Maybe I am missing something, but I think a writer can only be a writer. People only really have one image of you in their head, it’s true for all people. Like, I’ve always really enjoyed your articles about Russia, but after encountering your actual creative writing, I realized that it’s way better than anything you do as a journalist (I hope it’s ok for me to say that??). If I were you, I would just concentrate on that, it will bring more dividends down the road. Plus, you won’t be contributing to an image of women journalists as these over-emotional beings. In our culture writers have more freedom, I think this is very clear.
Having been chastised, I was just going to apologize and slink away, but Miz Salaam’s comment is so shocking that I feel the need to respond. I hope that’s alright? Once again, feel free to delete.

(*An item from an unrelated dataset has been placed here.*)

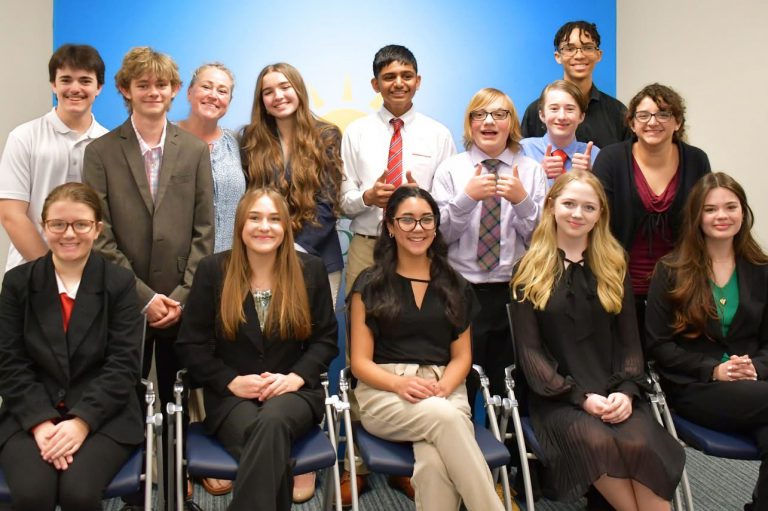 Charter Academy students participating in the Optimist International Club oratorical competition.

Anyway, assuming this is published, let me just say that, hey, Miz Salaam, you are coming from a position of utter ignorance. You might as well be telling the Guardian’s chief editor that he shouldn’t write about music, because that contributes to an overall image of journalists as dorks. Honestly, what is it with you? I guess if you were around in Chekhov’s time, you would have told him to choose between being a writer and a doctor.

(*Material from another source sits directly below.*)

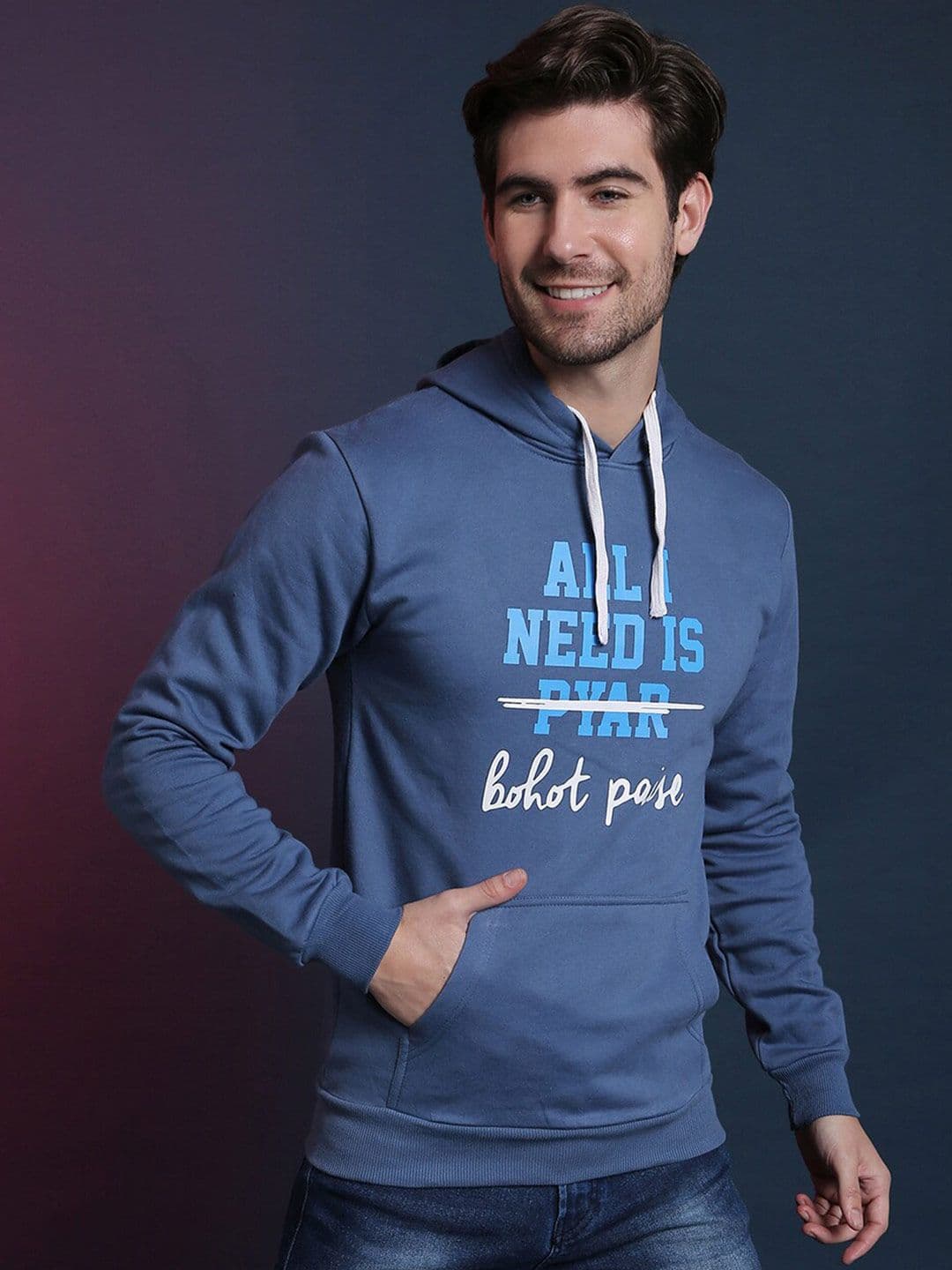 CAHOOT Men Blue Printed Hooded Sweatshirt - view 1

I also think it’s pretty moronic to suggest that someone drops what they’re doing and become a poet fulltime. Poetry isn’t exactly a money-maker, not even for poets who win awards and get published in anthologies. Natalia has a small child. Should he be living in the gutter because her work doesn’t conform to your stupid stereotypes about writing and creativity?

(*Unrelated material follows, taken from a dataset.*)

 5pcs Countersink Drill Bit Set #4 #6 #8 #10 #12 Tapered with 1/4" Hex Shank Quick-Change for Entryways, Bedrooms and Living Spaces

Finally, you dragging Anderson Cooper into this is just hilarious.
I love Natalia Antonova
Because she recently became a redhead
Because someone is kissing her on her banner
Because she finds the time to run the Moscow News ANd be a fabulous writer
Because she’s always really funny on her Twitter
Because you don’t know if she’s American or Russian or Ukrainian or from the moon (I think she’s from the moon)
Because she has these blue eyes that burn like a cold fire
Because she’s the only interesting English language journalist left in Moscow (ok, Kevin Oflynn gets a mention too)
Because she seems like a cool mom
Because I’d risk getting beaten up by her husband just to pay her a compliment on her porcelain skin
Because she has porcelain skin
Because her poetry is really good or so I’ve just found out
Because I KNOW that she will spend days wondering who wrote this (please NATALIA, wonder who wrote this)
Well, I didn’t have to wonder long about who write this. Seeing as the IP address is exactly the same as Dave D.’s. Not that I know who Dave D. is.
Also, Jesus Christ, what is up with you people today?
(I am a poet too), there is something there, on your nose. Might want to wash that off. Also, may want to tone down the creepster factor.
This piece pulled on my heartstrings. A lot. Thank you.